Your answer must be the exact lines from the one holding "REEBOK CROSSTRAINER FOR" through the final line of the records below, both included, and nothing more.

# Short text fragments from websites
▬▬▬▬▬▬▬▬▬▬

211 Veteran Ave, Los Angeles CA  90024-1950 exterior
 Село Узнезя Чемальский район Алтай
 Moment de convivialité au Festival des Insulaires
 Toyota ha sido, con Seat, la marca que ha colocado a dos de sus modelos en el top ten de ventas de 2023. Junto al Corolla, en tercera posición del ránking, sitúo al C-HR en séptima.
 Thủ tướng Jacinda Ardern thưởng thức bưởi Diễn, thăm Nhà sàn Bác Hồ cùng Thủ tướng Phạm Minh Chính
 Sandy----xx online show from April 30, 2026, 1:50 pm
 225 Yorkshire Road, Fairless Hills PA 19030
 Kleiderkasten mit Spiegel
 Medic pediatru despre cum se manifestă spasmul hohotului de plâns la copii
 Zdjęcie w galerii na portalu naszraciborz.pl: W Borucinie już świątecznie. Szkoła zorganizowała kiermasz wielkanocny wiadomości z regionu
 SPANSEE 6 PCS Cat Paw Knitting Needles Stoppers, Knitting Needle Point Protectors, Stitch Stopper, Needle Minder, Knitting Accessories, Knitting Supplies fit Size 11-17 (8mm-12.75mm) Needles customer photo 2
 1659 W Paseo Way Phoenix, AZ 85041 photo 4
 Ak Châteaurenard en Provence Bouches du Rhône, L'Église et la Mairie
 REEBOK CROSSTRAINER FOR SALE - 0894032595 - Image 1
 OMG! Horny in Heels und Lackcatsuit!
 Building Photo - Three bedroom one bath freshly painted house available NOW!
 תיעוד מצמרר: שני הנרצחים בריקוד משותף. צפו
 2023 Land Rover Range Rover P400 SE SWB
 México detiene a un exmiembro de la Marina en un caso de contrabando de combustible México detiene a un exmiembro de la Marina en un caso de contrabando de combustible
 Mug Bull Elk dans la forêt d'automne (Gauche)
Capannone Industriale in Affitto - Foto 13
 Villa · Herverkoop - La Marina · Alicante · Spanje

▬▬▬▬▬▬▬▬▬▬

# Your response
 REEBOK CROSSTRAINER FOR SALE - 0894032595 - Image 1
 OMG! Horny in Heels und Lackcatsuit!
 Building Photo - Three bedroom one bath freshly painted house available NOW!
 תיעוד מצמרר: שני הנרצחים בריקוד משותף. צפו
 2023 Land Rover Range Rover P400 SE SWB
 México detiene a un exmiembro de la Marina en un caso de contrabando de combustible México detiene a un exmiembro de la Marina en un caso de contrabando de combustible
 Mug Bull Elk dans la forêt d'automne (Gauche)
Capannone Industriale in Affitto - Foto 13
 Villa · Herverkoop - La Marina · Alicante · Spanje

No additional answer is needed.